Thanks to Mike Kelly for his initial blogpost on this tema: http://blog.stateless.co/post/68259564511/the-case-for-hyperlinks-in-apis - and his work on hypermedia linking in JSON with HAL (http://stateless.co/hal_specification.html).


4 kommentarer:

  1. I may be misreading, but the JSON examples appear to have the rel and href values swapped, i.e. href should contain the URI/URL and rel the "relation". Other than that, a nice post!

    SvarSlet
    Svar
    1. No, the examples are right. Relationships can either be registered short names from the IANA registry (see http://www.iana.org/assignments/link-relations/link-relations.xhtml) or unregistered complete URLs (which is used as a namespace mechanism). In the examples here I use URLs.

      Furthermore I want to make it explicit that I don't care about the actual API URLs in the links. So I use "{link-to-sales-orders}" to hide the actual link URL (which should anyway be irrelevant to the client - it is only the link relations that matter).

      Does that clarify it?

      Slet
  2. Thank you for the great article. I am currently evaluating HATEOAS for our API.

    The one question that keeps coming up though is that in theory HATEOAS sounds like a good idea, i.e. it decouples clients and servers, but in practice it sounds like implementing such a client would not be easy.

    For humans it sure makes it easier. Humans understand the business domain and will be able to understand the meaning of links in that context.
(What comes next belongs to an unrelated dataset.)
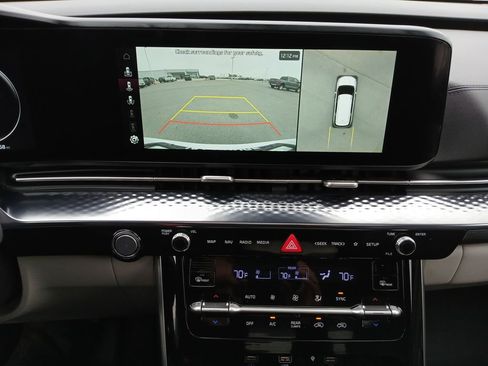 Used 2024 Kia Carnival SX Prestige image 15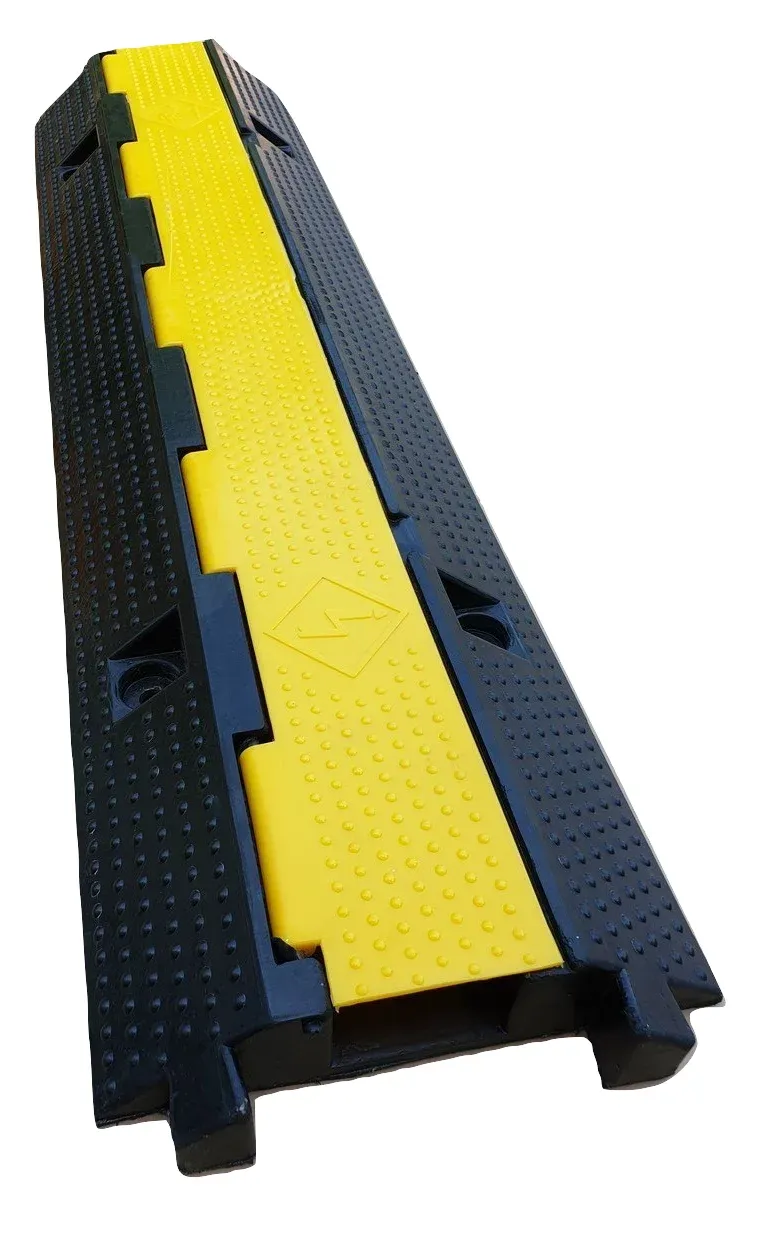 Černo-žlutý gumový kabelový most s víkem - délka 100 cm, šířka 26 cm, výška 7 cm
    However, machine clients need to follow either a schema defined by the API builders or use the links you mentioned from the IANA registry. Either way, the client code needs to be written in such a way that it will use some kind of logic to "understand" the link relations. I'd go as far as saying that for a machine client to use such a relational schema we'd need a pretty complex framework on the client.

    On the other hand constructing URLs on the client from documentation, i.e. tightly coupling the client to URLs instead of the schema, makes the coding of the client much easier. I do understand that if we do this we lose all the other benefits you mentioned, however selling HATEOAS to my client developers is much harder than selling URL construction.

    SvarSlet
  3. > I'd go as far as saying that for a machine client to use such a relational schema we'd need a pretty complex framework on the client.

    I somewhat agree with this - not that it need to be complex, but we need some kind of framework on the client. Thats why we need some standards for hypermedia and libraries for consuming those (as opposed to invent our own data formats). At this time of writing we have HAL, Mason, Sirene, Hydra, Collection JSON and a few more, each of them with varying support.

    But formats like HAL and Mason are pretty simple to use if you are already familiar with JSON. Links can be consumed as easy as Response._links["link-rel-name"].href - and thats it. I would argue that it is just as simple as creating links from templates.